■ **INSTRUCTIONS FOR THE TASK**
Each line from the line containing "GÜMRÜK BEY Kuqibao" through the last line of the entries is to be reproduced exactly as it stands.
######
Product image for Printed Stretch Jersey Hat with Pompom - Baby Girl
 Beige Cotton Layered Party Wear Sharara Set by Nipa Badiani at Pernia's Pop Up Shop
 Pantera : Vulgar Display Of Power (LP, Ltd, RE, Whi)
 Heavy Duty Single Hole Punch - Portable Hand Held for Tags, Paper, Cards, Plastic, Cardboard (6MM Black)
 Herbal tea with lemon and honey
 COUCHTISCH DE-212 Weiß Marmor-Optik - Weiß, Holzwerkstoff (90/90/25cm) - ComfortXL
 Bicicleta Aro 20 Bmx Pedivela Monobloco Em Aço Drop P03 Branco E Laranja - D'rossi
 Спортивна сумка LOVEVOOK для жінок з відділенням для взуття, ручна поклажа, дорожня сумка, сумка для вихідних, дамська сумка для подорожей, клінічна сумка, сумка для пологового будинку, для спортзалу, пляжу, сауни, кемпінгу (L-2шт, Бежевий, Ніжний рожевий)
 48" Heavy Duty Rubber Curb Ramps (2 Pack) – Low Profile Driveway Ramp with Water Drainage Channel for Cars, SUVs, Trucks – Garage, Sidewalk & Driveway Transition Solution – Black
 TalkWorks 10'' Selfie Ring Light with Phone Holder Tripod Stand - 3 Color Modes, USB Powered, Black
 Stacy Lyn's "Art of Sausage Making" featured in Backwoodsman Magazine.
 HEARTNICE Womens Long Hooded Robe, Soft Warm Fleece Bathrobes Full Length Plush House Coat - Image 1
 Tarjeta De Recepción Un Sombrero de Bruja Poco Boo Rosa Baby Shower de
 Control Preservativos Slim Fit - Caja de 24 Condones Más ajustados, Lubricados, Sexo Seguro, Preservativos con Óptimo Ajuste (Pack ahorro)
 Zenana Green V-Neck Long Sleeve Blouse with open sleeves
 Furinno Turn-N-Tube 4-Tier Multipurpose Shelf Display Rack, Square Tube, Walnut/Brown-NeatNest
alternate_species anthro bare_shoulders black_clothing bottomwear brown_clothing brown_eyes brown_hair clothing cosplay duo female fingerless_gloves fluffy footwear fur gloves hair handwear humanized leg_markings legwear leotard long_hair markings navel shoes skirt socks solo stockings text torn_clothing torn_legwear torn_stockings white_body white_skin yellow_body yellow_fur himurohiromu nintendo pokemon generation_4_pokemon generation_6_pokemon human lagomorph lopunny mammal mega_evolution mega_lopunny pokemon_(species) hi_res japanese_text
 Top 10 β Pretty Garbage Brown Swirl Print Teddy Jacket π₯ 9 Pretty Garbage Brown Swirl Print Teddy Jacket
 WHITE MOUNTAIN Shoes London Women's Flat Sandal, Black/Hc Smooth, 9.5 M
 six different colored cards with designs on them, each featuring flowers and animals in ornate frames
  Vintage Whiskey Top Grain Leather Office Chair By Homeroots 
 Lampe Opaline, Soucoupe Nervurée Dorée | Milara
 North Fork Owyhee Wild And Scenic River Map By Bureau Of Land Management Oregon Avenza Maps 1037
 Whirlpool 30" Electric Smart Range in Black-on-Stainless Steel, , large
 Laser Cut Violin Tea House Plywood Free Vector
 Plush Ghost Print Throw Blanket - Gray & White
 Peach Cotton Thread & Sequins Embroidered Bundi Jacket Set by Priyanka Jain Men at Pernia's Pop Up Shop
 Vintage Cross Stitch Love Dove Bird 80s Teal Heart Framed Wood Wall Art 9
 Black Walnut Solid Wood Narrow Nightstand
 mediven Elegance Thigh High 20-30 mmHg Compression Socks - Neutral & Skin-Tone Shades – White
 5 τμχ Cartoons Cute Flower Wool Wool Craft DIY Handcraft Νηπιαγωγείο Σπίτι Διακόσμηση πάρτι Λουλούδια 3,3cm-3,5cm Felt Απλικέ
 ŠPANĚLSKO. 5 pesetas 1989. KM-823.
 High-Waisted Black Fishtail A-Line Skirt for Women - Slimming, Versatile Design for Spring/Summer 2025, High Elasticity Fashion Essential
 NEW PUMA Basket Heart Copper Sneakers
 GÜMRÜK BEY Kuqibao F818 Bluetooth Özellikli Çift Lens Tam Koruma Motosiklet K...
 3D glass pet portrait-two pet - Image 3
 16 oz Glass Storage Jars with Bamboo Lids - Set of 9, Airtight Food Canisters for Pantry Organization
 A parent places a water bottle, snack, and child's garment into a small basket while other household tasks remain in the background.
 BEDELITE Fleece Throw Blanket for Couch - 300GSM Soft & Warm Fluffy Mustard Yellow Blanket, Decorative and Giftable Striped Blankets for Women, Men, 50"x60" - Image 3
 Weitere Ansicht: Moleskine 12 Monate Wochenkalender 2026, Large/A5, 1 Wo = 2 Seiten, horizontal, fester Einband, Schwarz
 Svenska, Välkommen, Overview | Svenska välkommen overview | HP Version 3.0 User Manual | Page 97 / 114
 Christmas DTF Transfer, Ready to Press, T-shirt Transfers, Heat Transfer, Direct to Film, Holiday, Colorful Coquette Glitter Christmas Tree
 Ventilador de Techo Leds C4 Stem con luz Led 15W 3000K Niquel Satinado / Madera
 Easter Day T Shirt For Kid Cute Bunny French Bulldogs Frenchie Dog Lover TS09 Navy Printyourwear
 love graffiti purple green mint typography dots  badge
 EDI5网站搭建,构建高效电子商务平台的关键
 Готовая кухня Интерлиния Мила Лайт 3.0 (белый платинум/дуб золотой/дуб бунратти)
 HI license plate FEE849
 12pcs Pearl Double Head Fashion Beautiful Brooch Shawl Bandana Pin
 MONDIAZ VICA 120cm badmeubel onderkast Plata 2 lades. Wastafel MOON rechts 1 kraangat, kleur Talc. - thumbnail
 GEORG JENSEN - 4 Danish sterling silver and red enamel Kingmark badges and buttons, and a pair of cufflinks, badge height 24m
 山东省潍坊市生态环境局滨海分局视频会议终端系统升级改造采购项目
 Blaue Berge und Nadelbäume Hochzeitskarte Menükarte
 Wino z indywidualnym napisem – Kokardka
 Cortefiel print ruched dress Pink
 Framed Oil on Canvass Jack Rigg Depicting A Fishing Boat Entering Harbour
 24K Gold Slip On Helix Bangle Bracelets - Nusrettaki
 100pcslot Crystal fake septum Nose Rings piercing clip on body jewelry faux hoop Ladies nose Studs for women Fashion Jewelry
######
■ **TASK ANSWER**
 GÜMRÜK BEY Kuqibao F818 Bluetooth Özellikli Çift Lens Tam Koruma Motosiklet K...
 3D glass pet portrait-two pet - Image 3
 16 oz Glass Storage Jars with Bamboo Lids - Set of 9, Airtight Food Canisters for Pantry Organization
 A parent places a water bottle, snack, and child's garment into a small basket while other household tasks remain in the background.
 BEDELITE Fleece Throw Blanket for Couch - 300GSM Soft & Warm Fluffy Mustard Yellow Blanket, Decorative and Giftable Striped Blankets for Women, Men, 50"x60" - Image 3
 Weitere Ansicht: Moleskine 12 Monate Wochenkalender 2026, Large/A5, 1 Wo = 2 Seiten, horizontal, fester Einband, Schwarz
 Svenska, Välkommen, Overview | Svenska välkommen overview | HP Version 3.0 User Manual | Page 97 / 114
 Christmas DTF Transfer, Ready to Press, T-shirt Transfers, Heat Transfer, Direct to Film, Holiday, Colorful Coquette Glitter Christmas Tree
 Ventilador de Techo Leds C4 Stem con luz Led 15W 3000K Niquel Satinado / Madera
 Easter Day T Shirt For Kid Cute Bunny French Bulldogs Frenchie Dog Lover TS09 Navy Printyourwear
 love graffiti purple green mint typography dots  badge
 EDI5网站搭建,构建高效电子商务平台的关键
 Готовая кухня Интерлиния Мила Лайт 3.0 (белый платинум/дуб золотой/дуб бунратти)
 HI license plate FEE849
 12pcs Pearl Double Head Fashion Beautiful Brooch Shawl Bandana Pin
 MONDIAZ VICA 120cm badmeubel onderkast Plata 2 lades. Wastafel MOON rechts 1 kraangat, kleur Talc. - thumbnail
 GEORG JENSEN - 4 Danish sterling silver and red enamel Kingmark badges and buttons, and a pair of cufflinks, badge height 24m
 山东省潍坊市生态环境局滨海分局视频会议终端系统升级改造采购项目
 Blaue Berge und Nadelbäume Hochzeitskarte Menükarte
 Wino z indywidualnym napisem – Kokardka
 Cortefiel print ruched dress Pink
 Framed Oil on Canvass Jack Rigg Depicting A Fishing Boat Entering Harbour
 24K Gold Slip On Helix Bangle Bracelets - Nusrettaki
 100pcslot Crystal fake septum Nose Rings piercing clip on body jewelry faux hoop Ladies nose Studs for women Fashion Jewelry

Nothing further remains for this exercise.